Ingredients for the caramel
- 200 grams white sugar
- 50 ml water
Ingredients for the custard
- 200 ml whole milk
- 250 ml cream (amul packaged cream works)
- 100 grams caster sugar
- 4 large eggs
- 1 teaspoon pure vanilla extract
- Preheat the oven to 150 C. Prepare the ramekins greased with butter.
Method For the caramel:
- Combine the water and sugar in a saucepan and place it over medium heat. Stir continuously until the sugar melts into a liquid. Once the sugar is completely melted, turn the heat to low and allow the sugar to bubble, with occasional stirring until the color is a golden brown, thick and runny like honey. Turn off the heat and stir in 2 tablespoons of water. Gently distribute the caramel a teaspoon at a time to coat the base of each one of the ramekins.
Method For the custard:
- In a large high-walled bowl; whisk all the eggs until whites and yolks are combined.
- Combine the sugar, milk and cream in a heavy bottomed saucepan and place for medium heat. Stir the mixture until the sugar melts and turn off the heat. Gradually beat in the whisked eggs into the milk mixture, whisking continuously as you pour. Stir in the vanilla extract and whisk well. Run the mixture through the sieve to remove any traces of lumps that got formed while combining the eggs into the milk. Pour this into the prepared caramel lined ramekins.
- Place the filled ramekins on a roasting tin/ tray filled with hot water enough to come two-thirds of the way up the dish. Place the whole thing on the centre shelf of the preheated oven and bake for 45 minutes to one hour, until the custard is set in the centre. The way to rest is when you shake the ramekin gently the custard should feel firm, slightly wobbly and springy to the touch. Once done, remove the ramekins from the roasting tray and allow it to cool completely at room temperature. Once cooled cover the ramekins with a cling film and refrigerate for at least 6 hours before turning out into the platter.

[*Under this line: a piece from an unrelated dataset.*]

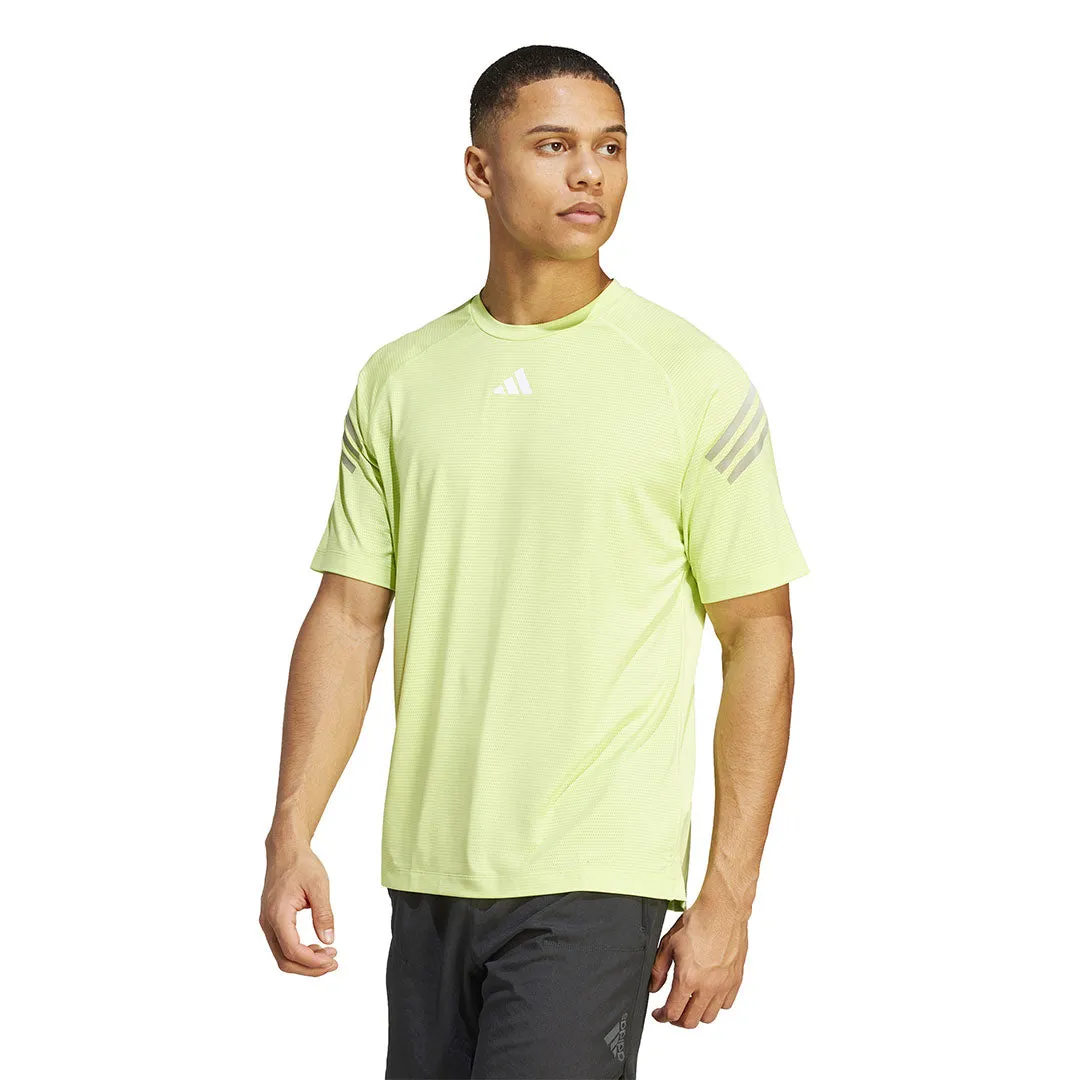 adidas - Herren Train Icons 3-Streifen Trainings-T-Shirt (IJ8124)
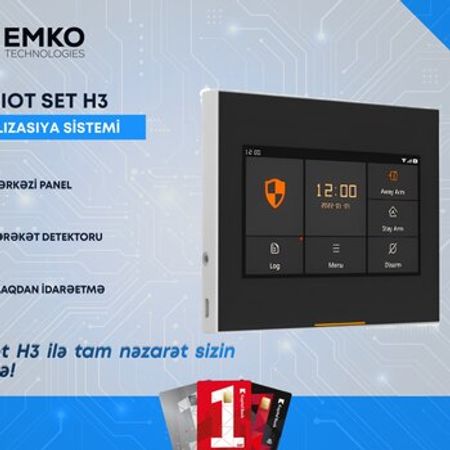 Staniot H3 ağıllı siqnalizasiya sistemi – Təhlükəsizlik avadanlığı – ucuztap.az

- When you’re ready to serve, run a palate knife around the edges of the ramekins to loosen it around. Place the serving plate on top of the ramekin and then turn the whole thing upside-down and give it a shake.
- You will notice the delicious set Crème Caramel, Caramel Custard or Caramel Pudding is surrounded by a pool of golden caramel sauce on the platter. You can optionally serve it along with whipped cream on the top.